第四十七章 12

 前方から撃ってくる敵の前に、怜奈が身を晒して堂々と進み出た事に、ハリー、アドニス、カバディマンは驚いていた。


「ブルー・ハシビロコ、参上!」


 怜奈はいつの間にか衣装チェンジして、全身藍色のスーツに身を包み、ヘルムを被っている。その顔は嘴を模したバイザーで覆われていた。
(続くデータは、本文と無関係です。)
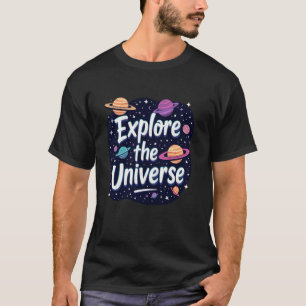 T-shirt La science de l'espace et des fusées pour les enfa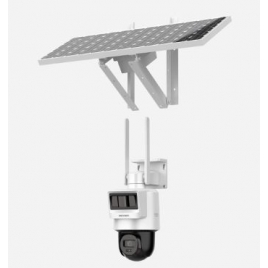 Camara Vigilancia Hikvision DIA / Noche Motorizada PTZ 2K Bateria IP66 Outdoor 4G + Panel Solar
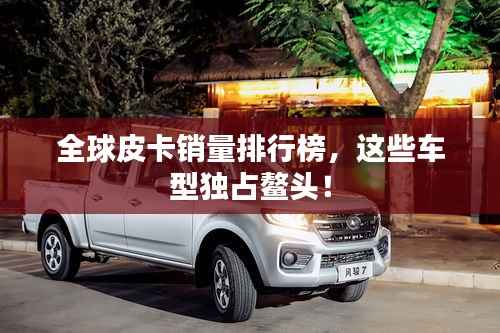 全球皮卡销量排行榜，这些车型独占鳌头！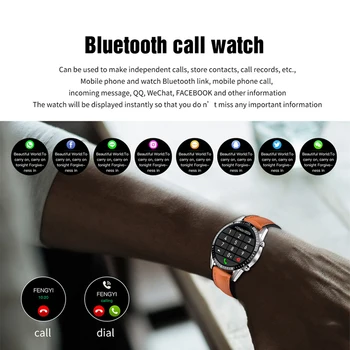 LIGE Bluetooth Klic, Telefon, Pametnih Gledajo Moški Nepremočljiva Športna Fitnes Watch Zdravje Tracker Vreme predvajanje glasbe smartwatch Ženske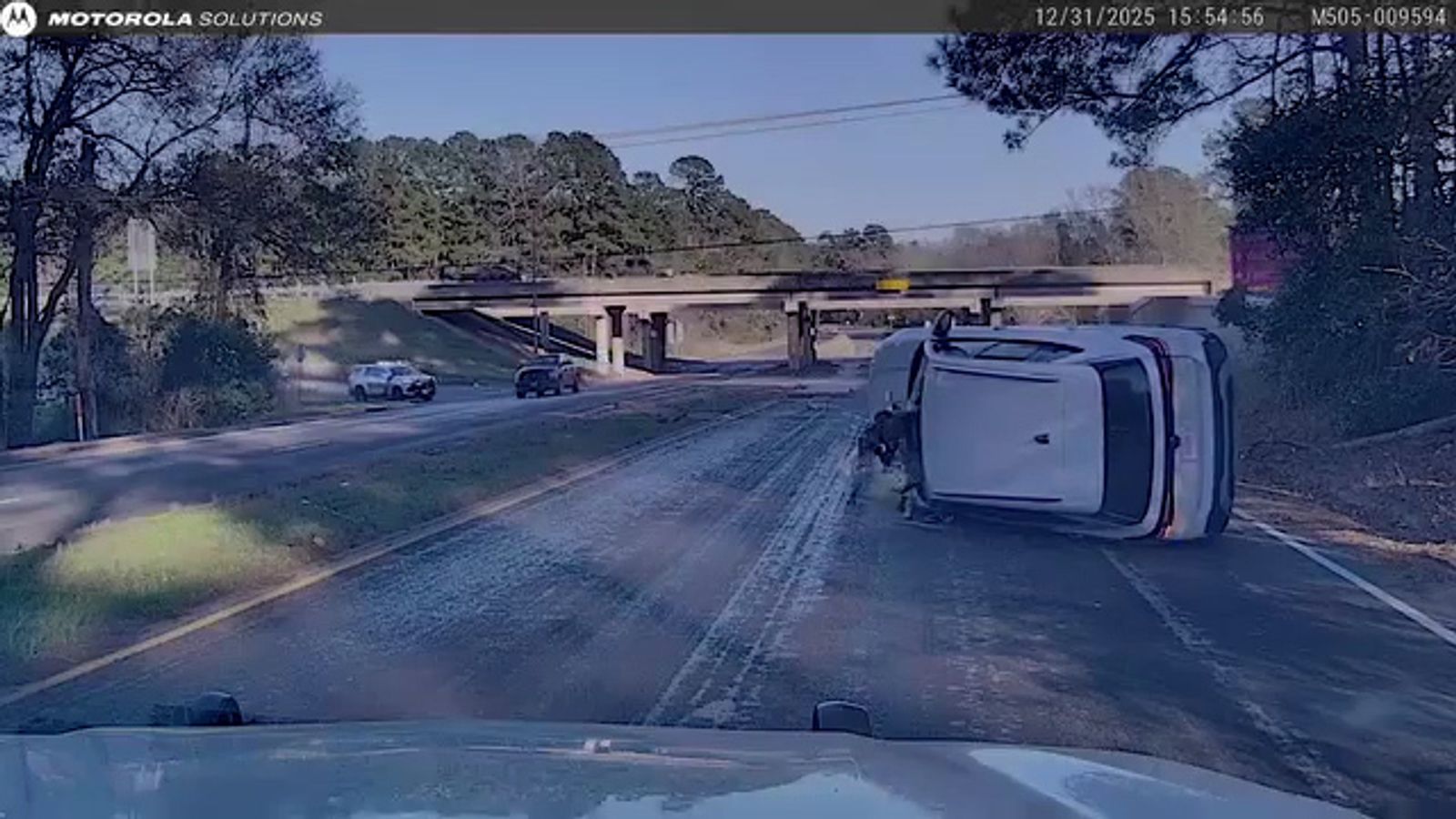 Driver flips car during police chase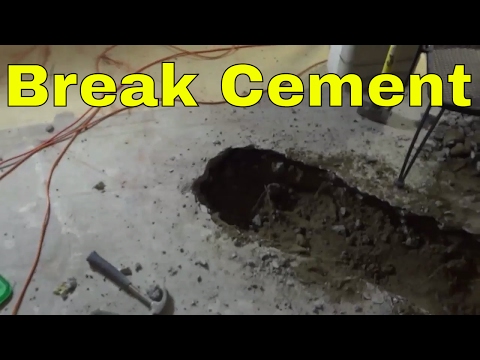 Education Information: How To Break Up Concrete By Hand
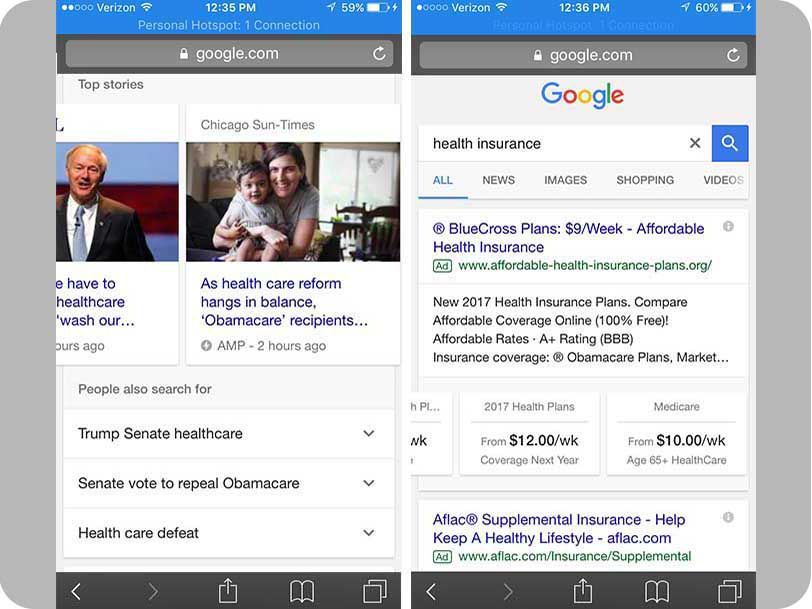 Google News Feed Propagates From User Search History
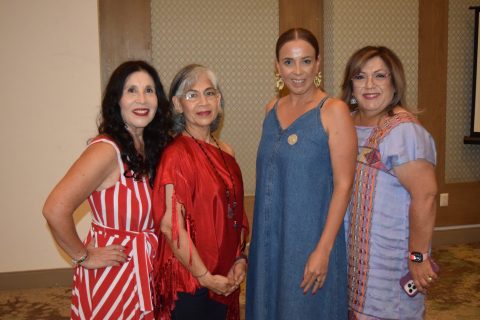 Trini Romero, Armida García, Patricia Sainz y Sonia Pérez.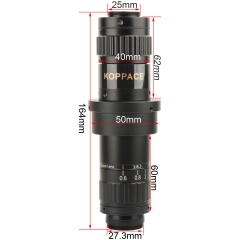 KOPPACE 21X-175X Industrial Microscope Lens 0.6X-5X Continuous Zoom Lens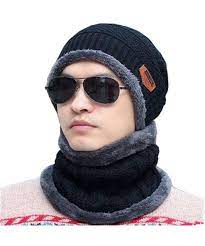 Beanie Winter Hat Scarf Knit Hat Set Winter Warm Snow Ski Skull For Man Women Black Ce187eaxsha Winter Hats For Men Hats For Men Winter Hats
 明らかに怜奈の体に弾が何発も当たっていると思われるが、怜奈は平然としている。


「ハシビロ魔眼!」


 怜奈が叫ぶと、ヘルムの目の部分が光り、銃撃が止んだ。光を見た襲撃者達は、体が硬直していた。


「ハシビロフライ!」


 助走も無ければ棒も使わず、軽々と3メートル以上跳躍する怜奈。


「ハシビロダイブ!」


 叫ぶと同時に滑空して、敵のいる後方へ飛んでいく怜奈。勢い余って飛び過ぎたのだ。


 地上での銃撃戦が展開しだす。敵の数は明らかに二倍以上いると思われたが、質の面では大したものではない。それなりに訓練はされているようであるし、一応はプロの殺し屋なのであろうが、相手が悪かった。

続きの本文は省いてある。